All Section and Chapter references are to RSMO (2016), unless otherwise indicated.
Factual and Procedural History
This action concerns a private road ("Rim Road") located in a subdivision in Jefferson County. In November 2017, Gregory J. Evers ("Evers"), on behalf of the Gregory J. Evers Trust, and other property owners (collectively, "Respondents") petitioned to establish a road maintenance agreement for the subdivision to address the poor condition of Rim Road and the impact on ingress and egress. During the pendency of the case, the Choates purchased property abutting Rim Road, while Evers has since sold the trust property. Evers is one of ten respondents; the nineteen parties in the underlying case own real property in the subdivision bordering Rim Road. Prior to trial, Respondents submitted a proposed plan of maintenance, which called for the formation of the Rim Road Association and appointment of initial trustees.

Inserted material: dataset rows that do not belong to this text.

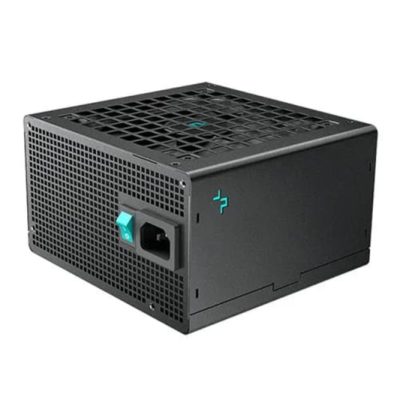 ALIM. DEEPCOOL ATX 750W 80+ Bronze * PL750-D Noir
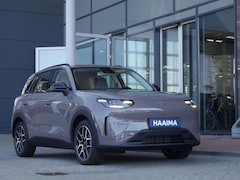 Leapmotor B03X - ProMax Design 53 kWh 382KM WLTP l Hoge Zit & Verrassend Ruim l Stoel- en Stuurwielverwarmi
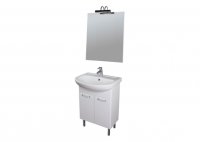 Комплект база+раковина 60см с ящиками Am-Pm M7-FUX0602-WC060 Sense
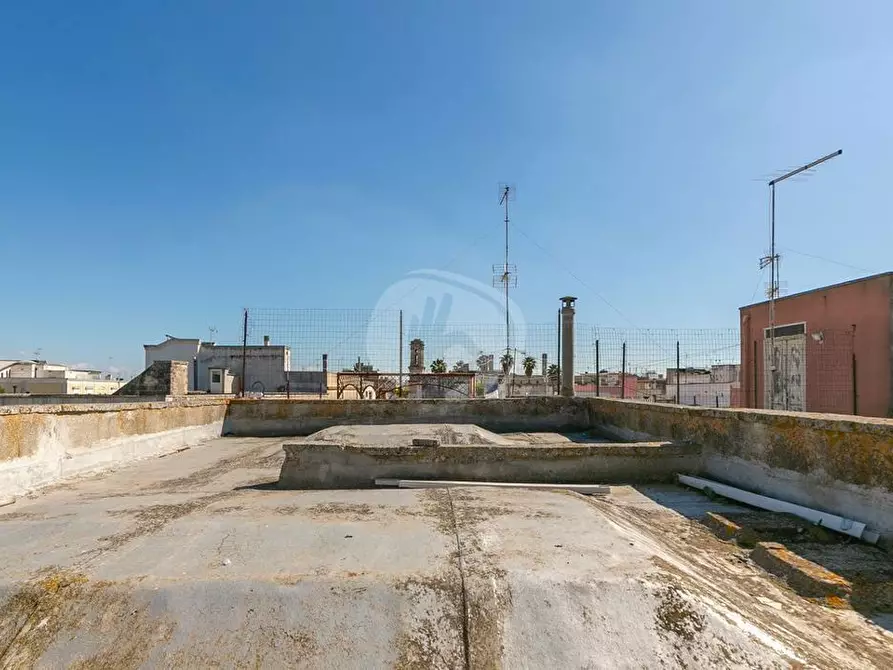 Immagine 34 di Casa indipendente in vendita  in Piazza Elia, 6 a Nardo'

The case proceeded to trial on September 18, 2018. Five property owners, including Evers, Patricia Moore ("Moore"), and Christopher Choate, testified about the poor condition of Rim Road. None of the parties disputed that Rim Road was in a state of disrepair or that a road maintenance plan was needed. Evers and Moore testified regarding the impact of Rim Road’s poor condition on the subdivision as well as concerns about access and safety by emergency and postal services. Moore testified that during the 1970s and 1980s, owners paid an annual assessment of approximately $180.00 to maintain Rim Road. Evers testified about voluntary efforts to establish a road maintenance agreement that never materialized. Various bids to repair the road were submitted into evidence, and Evers further testified that estimates ranged between sixty-five thousand and seventy-five thousand dollars. Another property owner testified regarding the inability of some property owners to pay a large single special assessment, and suggested the payment of smaller amounts to improve the road. Christopher Choate testified about his expertise in road construction and maintenance, some work he did on the road, and the need for fair and knowledgeable management of any association formed for purposes of maintaining Rim Road.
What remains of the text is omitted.